La distance est prise par le parti-pris bunuelien de faire raconter son aventure par Mathieu, en une série de flashbacks, à ses voisins de voyage, dans un compartiment du train qui mène de Séville à Madrid, puis, dans le déroulement du récit d’une grande virtuosité scénaristique, de le faire rejoindre par le temps présent (et même, dans les dernières images, qui ne sont pas les meilleures, de conduire le spectateur après le voyage). Belles bizarreries, au demeurant que ces voisinages : un magistrat parisien (Jacques Debary), une grande bourgeoise (l’extraordinaire Milena Vukotic au visage toujours singulier) et un psychologue curieux (le nain Piéral). Ce faisant, Mathieu semble se moquer un peu de lui-même et par là s’exorciser de la fascination mortifère que Conchita lui fait subir. Mais rien n’est simple et, comme de juste, il sera rattrapé in fine par son obsession.

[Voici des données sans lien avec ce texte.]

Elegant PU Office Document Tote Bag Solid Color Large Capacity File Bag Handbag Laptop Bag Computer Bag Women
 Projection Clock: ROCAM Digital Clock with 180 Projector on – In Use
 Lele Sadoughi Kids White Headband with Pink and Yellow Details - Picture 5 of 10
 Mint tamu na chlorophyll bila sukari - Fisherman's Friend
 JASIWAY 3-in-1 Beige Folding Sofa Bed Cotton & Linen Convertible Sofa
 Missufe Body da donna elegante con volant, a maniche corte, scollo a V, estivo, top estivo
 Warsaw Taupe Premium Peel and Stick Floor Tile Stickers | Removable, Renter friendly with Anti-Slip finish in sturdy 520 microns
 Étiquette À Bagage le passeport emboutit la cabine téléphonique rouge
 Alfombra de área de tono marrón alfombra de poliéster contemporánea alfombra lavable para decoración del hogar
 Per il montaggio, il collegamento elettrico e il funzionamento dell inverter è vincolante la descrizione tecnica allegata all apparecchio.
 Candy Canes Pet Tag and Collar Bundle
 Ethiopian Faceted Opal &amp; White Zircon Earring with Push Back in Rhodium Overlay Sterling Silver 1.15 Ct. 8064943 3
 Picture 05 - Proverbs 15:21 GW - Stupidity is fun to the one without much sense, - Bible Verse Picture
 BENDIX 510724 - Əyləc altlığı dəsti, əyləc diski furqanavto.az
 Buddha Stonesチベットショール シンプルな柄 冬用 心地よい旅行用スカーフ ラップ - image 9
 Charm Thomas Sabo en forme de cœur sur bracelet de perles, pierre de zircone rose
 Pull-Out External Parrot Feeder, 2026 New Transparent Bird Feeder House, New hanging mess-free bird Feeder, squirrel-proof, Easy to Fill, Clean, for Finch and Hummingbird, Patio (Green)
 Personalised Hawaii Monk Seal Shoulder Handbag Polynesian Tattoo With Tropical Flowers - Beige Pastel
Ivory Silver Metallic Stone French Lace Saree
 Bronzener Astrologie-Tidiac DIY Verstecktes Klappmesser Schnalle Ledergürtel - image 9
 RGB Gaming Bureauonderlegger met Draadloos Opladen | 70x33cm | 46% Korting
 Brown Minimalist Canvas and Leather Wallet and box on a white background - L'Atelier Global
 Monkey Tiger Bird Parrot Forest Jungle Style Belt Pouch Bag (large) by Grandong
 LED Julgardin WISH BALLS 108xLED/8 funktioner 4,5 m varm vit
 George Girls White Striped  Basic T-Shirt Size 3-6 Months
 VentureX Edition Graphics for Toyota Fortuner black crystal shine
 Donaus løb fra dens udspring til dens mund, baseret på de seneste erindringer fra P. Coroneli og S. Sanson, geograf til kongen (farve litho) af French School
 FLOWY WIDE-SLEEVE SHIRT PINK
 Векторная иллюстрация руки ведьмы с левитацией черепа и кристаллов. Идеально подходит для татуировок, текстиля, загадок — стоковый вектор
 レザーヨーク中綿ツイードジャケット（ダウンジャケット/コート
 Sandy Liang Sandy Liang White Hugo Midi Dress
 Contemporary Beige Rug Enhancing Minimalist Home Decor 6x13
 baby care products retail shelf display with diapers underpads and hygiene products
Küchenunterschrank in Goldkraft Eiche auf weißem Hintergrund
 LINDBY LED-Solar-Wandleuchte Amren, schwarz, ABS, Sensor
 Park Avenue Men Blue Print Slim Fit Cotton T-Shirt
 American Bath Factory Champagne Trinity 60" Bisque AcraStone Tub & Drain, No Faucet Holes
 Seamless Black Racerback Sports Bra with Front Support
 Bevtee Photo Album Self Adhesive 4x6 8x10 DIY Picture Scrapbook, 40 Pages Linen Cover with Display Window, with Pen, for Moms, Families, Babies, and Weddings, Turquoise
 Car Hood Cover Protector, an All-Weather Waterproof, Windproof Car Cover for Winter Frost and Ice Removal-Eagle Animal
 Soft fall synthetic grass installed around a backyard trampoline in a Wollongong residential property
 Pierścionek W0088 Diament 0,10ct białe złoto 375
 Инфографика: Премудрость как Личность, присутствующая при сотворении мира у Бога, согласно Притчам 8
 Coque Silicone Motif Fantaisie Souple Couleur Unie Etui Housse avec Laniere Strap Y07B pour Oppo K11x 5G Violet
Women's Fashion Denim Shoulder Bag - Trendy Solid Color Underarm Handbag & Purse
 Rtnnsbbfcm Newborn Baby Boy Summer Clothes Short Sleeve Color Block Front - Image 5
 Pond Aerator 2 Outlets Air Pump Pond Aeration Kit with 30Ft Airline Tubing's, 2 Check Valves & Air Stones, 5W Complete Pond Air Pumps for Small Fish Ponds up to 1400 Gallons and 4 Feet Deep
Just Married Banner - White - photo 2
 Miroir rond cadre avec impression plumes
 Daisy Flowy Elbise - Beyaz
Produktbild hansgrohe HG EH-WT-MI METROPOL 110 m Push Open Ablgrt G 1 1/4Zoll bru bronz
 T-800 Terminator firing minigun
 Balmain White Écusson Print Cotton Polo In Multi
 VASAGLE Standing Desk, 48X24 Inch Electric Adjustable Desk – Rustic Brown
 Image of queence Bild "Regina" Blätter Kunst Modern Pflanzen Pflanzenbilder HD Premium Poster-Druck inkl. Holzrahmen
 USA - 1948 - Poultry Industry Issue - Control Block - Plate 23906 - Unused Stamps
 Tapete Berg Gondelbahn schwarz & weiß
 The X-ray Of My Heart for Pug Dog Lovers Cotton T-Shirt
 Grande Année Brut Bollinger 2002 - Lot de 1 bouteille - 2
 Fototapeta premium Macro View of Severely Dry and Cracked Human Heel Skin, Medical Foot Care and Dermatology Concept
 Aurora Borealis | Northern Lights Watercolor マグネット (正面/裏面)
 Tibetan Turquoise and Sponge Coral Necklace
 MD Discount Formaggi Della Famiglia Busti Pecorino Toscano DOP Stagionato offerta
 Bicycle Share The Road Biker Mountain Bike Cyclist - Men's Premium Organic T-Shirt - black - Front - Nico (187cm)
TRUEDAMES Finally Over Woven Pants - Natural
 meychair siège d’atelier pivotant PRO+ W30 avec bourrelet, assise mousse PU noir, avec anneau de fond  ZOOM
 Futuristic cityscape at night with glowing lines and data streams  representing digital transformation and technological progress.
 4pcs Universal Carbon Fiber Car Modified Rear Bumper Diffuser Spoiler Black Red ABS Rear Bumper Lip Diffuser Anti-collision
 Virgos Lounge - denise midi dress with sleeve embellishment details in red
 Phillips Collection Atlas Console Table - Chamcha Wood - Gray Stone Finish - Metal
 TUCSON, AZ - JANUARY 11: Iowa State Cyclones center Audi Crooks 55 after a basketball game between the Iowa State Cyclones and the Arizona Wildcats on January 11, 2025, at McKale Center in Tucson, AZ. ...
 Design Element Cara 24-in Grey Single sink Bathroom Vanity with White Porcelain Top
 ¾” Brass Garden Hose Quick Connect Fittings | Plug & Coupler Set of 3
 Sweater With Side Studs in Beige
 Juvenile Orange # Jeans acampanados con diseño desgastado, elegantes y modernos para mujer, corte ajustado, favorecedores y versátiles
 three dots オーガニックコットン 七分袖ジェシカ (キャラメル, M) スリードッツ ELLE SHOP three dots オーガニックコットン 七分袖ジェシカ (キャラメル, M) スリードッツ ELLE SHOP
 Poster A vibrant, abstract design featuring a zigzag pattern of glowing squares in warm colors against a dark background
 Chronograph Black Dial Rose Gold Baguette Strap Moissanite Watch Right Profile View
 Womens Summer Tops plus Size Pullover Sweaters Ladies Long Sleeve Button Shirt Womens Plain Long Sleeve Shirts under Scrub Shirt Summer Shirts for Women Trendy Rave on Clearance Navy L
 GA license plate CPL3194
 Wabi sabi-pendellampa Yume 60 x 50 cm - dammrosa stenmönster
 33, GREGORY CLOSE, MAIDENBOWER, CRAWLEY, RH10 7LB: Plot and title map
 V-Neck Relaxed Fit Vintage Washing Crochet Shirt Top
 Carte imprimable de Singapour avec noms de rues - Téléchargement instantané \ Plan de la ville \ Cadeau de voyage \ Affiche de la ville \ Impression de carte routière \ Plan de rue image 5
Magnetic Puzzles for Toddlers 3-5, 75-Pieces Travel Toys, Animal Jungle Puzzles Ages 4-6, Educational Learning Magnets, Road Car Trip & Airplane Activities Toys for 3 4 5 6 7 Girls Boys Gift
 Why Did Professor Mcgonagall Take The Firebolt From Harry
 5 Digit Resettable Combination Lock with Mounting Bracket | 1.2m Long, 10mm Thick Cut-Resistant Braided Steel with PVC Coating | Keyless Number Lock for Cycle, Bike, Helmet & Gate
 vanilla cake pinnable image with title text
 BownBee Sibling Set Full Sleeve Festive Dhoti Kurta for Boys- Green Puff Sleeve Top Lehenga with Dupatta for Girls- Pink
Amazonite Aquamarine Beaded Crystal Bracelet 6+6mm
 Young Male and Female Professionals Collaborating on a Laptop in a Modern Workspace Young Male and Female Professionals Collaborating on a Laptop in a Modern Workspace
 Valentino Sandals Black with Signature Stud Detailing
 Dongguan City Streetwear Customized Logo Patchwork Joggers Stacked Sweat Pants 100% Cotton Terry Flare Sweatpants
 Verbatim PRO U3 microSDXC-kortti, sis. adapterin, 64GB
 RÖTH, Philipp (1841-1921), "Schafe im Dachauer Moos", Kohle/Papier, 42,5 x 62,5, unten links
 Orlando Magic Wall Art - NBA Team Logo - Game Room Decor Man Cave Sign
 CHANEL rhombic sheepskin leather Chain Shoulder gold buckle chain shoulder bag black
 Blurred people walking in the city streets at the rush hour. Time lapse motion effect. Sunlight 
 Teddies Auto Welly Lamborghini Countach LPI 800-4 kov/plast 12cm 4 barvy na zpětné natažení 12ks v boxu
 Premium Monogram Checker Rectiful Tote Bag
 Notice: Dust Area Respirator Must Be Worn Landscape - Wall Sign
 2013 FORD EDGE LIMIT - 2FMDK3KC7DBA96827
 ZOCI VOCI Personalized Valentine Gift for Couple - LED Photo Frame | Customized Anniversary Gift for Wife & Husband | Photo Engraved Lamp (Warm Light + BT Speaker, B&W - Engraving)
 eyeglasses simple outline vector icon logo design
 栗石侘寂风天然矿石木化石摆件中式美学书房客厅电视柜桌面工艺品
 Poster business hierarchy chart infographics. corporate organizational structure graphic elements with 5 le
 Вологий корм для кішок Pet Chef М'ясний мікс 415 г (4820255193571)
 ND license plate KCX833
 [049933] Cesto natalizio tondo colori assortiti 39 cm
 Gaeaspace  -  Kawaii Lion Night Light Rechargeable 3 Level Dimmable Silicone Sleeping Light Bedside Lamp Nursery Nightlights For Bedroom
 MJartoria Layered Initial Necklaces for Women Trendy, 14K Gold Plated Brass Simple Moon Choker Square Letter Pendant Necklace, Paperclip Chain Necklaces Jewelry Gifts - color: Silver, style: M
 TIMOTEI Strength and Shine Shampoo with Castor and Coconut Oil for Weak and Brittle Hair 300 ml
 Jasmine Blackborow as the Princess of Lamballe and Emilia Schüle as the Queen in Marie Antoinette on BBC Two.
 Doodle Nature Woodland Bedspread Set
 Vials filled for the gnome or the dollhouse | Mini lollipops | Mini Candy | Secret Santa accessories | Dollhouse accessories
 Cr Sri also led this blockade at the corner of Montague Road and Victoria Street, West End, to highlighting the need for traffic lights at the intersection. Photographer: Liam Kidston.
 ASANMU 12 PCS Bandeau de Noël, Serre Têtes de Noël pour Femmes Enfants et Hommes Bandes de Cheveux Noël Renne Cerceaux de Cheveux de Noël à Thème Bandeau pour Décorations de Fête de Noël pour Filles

Il y a assurément un côté infernal dans la résurgence perpétuelle de ce cette diablesse qui disparaît et reparaît continuellement, narquoise et cruelle, où que Mathieu mène ses pas et qui le reprend dès qu’elle le veut. Tout cela sans lui permettre d’aller jusqu’au bout de son désir, lui concédant seulement sa bouche et ses seins. Évidemment, ça ne peut que mal finir ; mais là où l’on aurait plutôt vu le meurtre libérateur et, d’une certaine façon, suicidaire de Conchita par Mathieu, Bunuel bricole une dispersion finale du couple lors d’un attentat aveugle de terroristes (allusion évidente aux bombes libéralement dispensées par l’ETA basque à l’époque du tournage). Ni avec toi, ni sans toi, comme dit l’autre…

N’empêche que, pour un film sur la frustration, c’est un peu frustrant.